After data showing consumer prices running at a rate of 8.6% for 12 months and inflation expectations rising, the rate-setting Federal Open Market Committee chose the tougher path.
Officials noted at the June 14-15 meeting that they need to take a step to reassure markets and the public that they are serious about fighting inflation.
The minutes stated that “many participants felt that the significant risk now facing the committee was that high inflation could take hold if the public began to question the committee’s determination to adjust the policy stance as required.”
The document added that the moves, along with communication regarding the policy stance, “would be necessary to restore price stability.”
However, this approach comes with the US economy on shaky ground.
First-quarter gross domestic product fell 1.6% and is on track to decline 2.1% in the second quarter, according to Atlanta Federal Reserve data. This would put the economy in a technical recession, albeit historically superficial.
Federal Reserve officials at the meeting expressed optimism about the longer-term path for the economy, even though they cut GDP forecasts sharply, to 1.7% in 2022 from a previous estimate of 2.8% in March.
They cited some reports of slowing consumer sales and companies retracting investments due to rising costs.
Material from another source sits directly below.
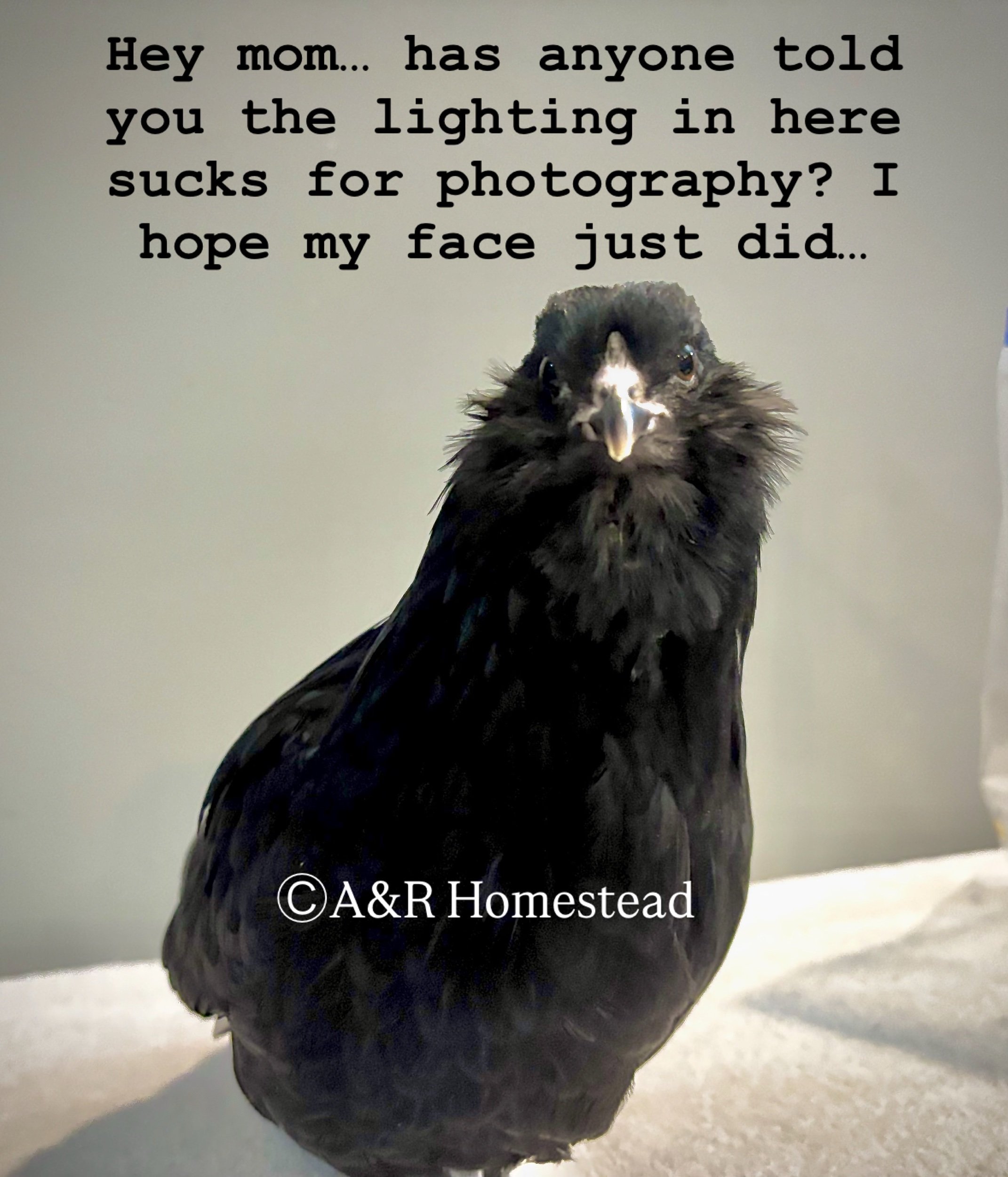 07C41876-E728-4C3A-83DF-EFE5BAD545CC.jpeg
The war in Ukraine, ongoing supply chain bottlenecks and the Covid shutdown in China were also cited as concerns.
Officials expected inflation to rise much more than before, and now expect prices for key personal consumption expenditures to rise 5.2% this year, compared to a previous estimate of 4.3%. The 12-month PCE inflation rate was 6.3% in May.
The minutes noted that risks to the outlook tend to be lower for GDP and higher for inflation as policy tightening could slow growth. The committee gave priority to combating inflation.
Officials noted that policy moves, which put the federal funds rate in the 1.5%-1.75% range, have already yielded results, tightening financial conditions and reducing some inflation measures in the market.
Two of those measures, which compare inflation-linked government bonds with Treasuries, have moved to their lowest levels since the fall of 2021.
The minutes noted that after a series of rate increases, the Fed would be in a good position to assess the success of the moves before deciding whether to continue. They said a “more restrictive policy” could be implemented if inflation failed to fall.
Officials pointed to a series of increases that will raise the funds rate to 3.4% this year, above the long-term neutral rate of 2.5%. Futures markets are pricing in the possibility that the Fed will have to start cutting interest rates as soon as the summer of 2023.
“Typical beer advocate. Future teen idol. Unapologetic tv practitioner. Music trailblazer.”